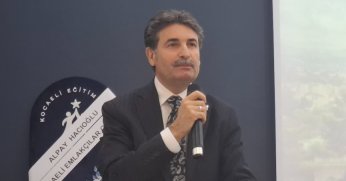Ayhan Sefer Üstün Kocaeli’den Seslendi: “İnadına Sahada Olacağız”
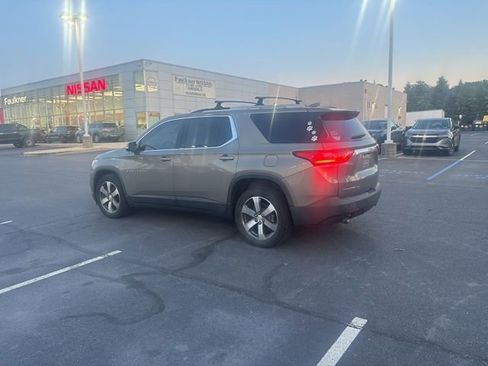 Used 2018 Chevrolet Traverse LT AWD/4WD image 7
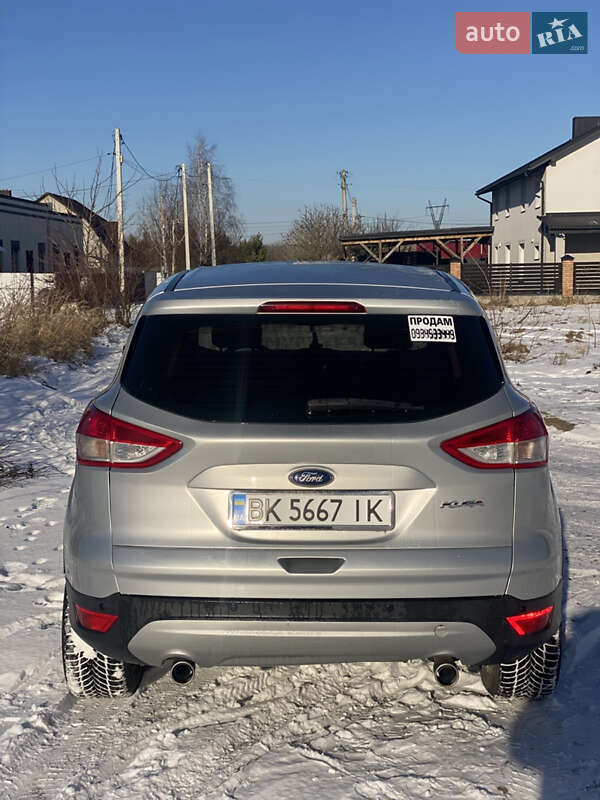 Позашляховик / Кросовер Ford Kuga 2014 в Луцьку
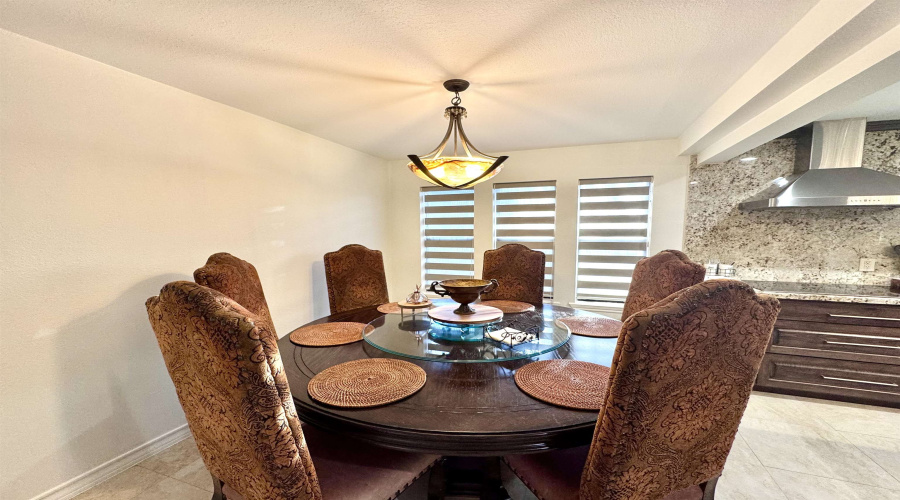 320 Merlin Rd, Laredo, Texas 78041, 5 Bedrooms Bedrooms, 12 Rooms Rooms,4 BathroomsBathrooms,Residential,For Sale,320 Merlin Rd,20264072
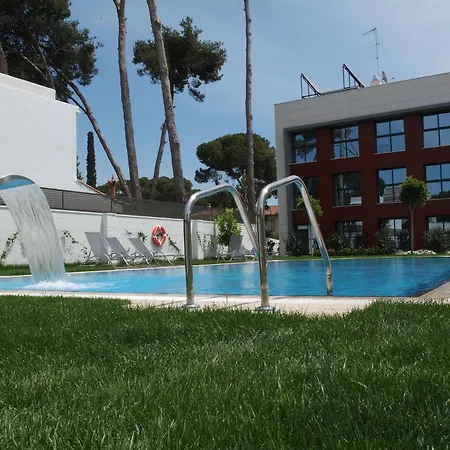 Royal Marina Gardens Apartment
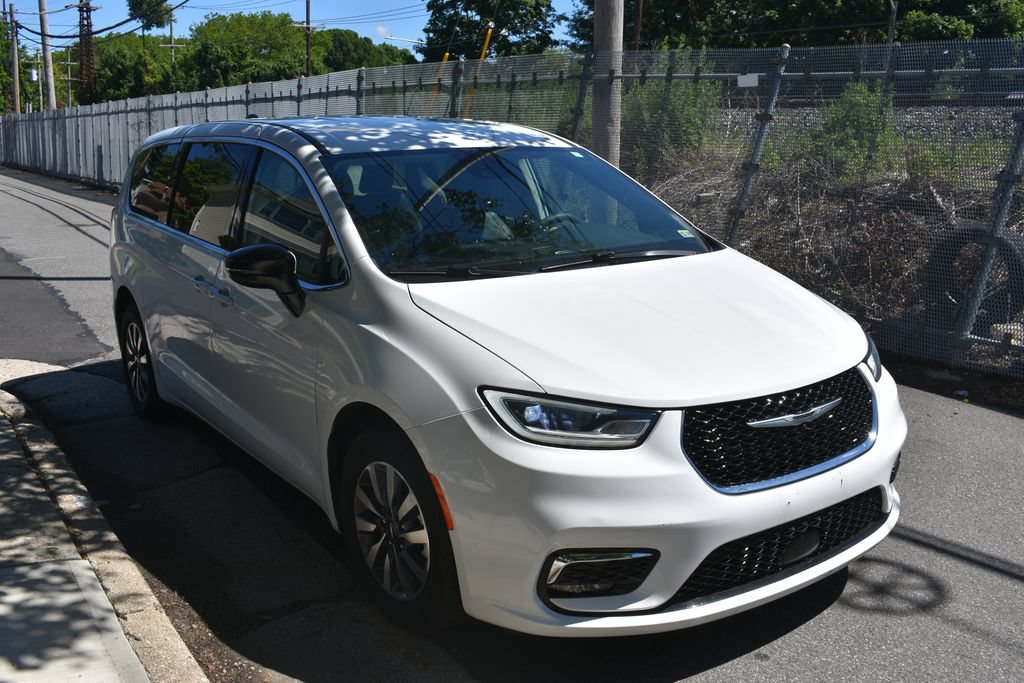 Used 2024 Chrysler Pacifica Limited FWD image 4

══════

» **The problem**: Would you give again, exactly as written, the lines from the one containing "Позашляховик / Кросовер" through the end of the records, with no pictures and no other lines?

» **Task answer**:
 Позашляховик / Кросовер Ford Kuga 2014 в Луцьку
 320 Merlin Rd, Laredo, Texas 78041, 5 Bedrooms Bedrooms, 12 Rooms Rooms,4 BathroomsBathrooms,Residential,For Sale,320 Merlin Rd,20264072
 Royal Marina Gardens Apartment
 Used 2024 Chrysler Pacifica Limited FWD image 4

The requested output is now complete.